Scoliosis Clinical Trial
Official title:
Blood and Fluid Management During Scoliosis Surgery: A Single Center Retrospective Analysis
In the present retrospective study, it was hypothesized that application, in scoliosis surgery, of a protocol for blood and fluid management, based on goal directed fluid therapy, cell salvage and tranexamic acid, could lead to reduced allogeneic red blood cells transfusion. The patients will be enrolled in a retrospective observational study and divided in two groups. Patients in no protocol Group received a liberal intraoperative fluid therapy and patients in protocol Group received fluid therapy managed according to a stroke volume variation based protocol. The protocol included fluid therapy according to SVV monitor, permissive hypotension, tranexamic acid infusion, restrictive RBC trigger and use of perioperative cell savage.

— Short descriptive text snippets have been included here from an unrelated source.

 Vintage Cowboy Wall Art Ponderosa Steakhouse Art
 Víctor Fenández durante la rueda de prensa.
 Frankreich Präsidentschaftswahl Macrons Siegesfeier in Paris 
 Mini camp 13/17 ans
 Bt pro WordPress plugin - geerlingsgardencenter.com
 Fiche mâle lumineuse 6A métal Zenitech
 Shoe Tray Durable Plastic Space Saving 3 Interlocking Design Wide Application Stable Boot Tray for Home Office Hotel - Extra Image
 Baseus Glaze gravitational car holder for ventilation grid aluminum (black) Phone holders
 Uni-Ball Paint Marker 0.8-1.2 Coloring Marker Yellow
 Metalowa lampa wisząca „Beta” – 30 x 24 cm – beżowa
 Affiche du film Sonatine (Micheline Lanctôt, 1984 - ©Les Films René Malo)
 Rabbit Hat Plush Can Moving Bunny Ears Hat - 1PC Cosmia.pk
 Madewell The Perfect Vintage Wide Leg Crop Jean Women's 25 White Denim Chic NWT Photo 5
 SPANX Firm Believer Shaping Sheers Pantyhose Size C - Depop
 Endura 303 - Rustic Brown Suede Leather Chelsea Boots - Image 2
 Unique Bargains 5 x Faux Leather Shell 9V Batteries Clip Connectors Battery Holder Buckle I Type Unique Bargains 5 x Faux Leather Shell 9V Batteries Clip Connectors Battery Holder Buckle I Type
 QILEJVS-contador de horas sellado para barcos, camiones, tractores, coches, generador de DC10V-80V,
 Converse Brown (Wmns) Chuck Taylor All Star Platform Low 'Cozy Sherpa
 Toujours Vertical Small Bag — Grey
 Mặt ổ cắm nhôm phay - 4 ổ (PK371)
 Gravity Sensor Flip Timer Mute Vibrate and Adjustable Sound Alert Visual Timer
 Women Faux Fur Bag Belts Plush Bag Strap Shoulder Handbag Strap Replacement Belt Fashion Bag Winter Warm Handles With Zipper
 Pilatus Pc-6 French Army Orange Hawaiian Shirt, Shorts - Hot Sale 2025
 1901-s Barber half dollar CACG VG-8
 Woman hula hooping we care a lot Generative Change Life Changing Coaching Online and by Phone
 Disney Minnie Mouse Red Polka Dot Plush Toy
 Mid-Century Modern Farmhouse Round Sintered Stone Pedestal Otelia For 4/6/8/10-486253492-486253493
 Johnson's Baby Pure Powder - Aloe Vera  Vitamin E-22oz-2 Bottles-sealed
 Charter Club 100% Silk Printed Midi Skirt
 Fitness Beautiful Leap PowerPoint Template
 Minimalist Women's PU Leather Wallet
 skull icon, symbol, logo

At investigators institution, neither anesthetic approaches to replacement of blood or fluid
losses were standardized before 2014 for scoliosis surgery. Before 2014, fluid therapy was
liberal and according to general principles of good clinical practice and ephedrine boluses
of 5 mg were given when fluid boluses failed to maintain a systolic arterial pressure >90 mm
Hg. Blood was replaced with crystalloid at a 3:1 ratio and colloid at a 1:1 ratio. Regarding
blood product transfusion anesthesiologists were generally initiated when hemoglobin levels
were less than 8 g/dl or less than 10 g/dl in patients with coronary diseases and predonated
autologous or allogeneic RBCs were administered.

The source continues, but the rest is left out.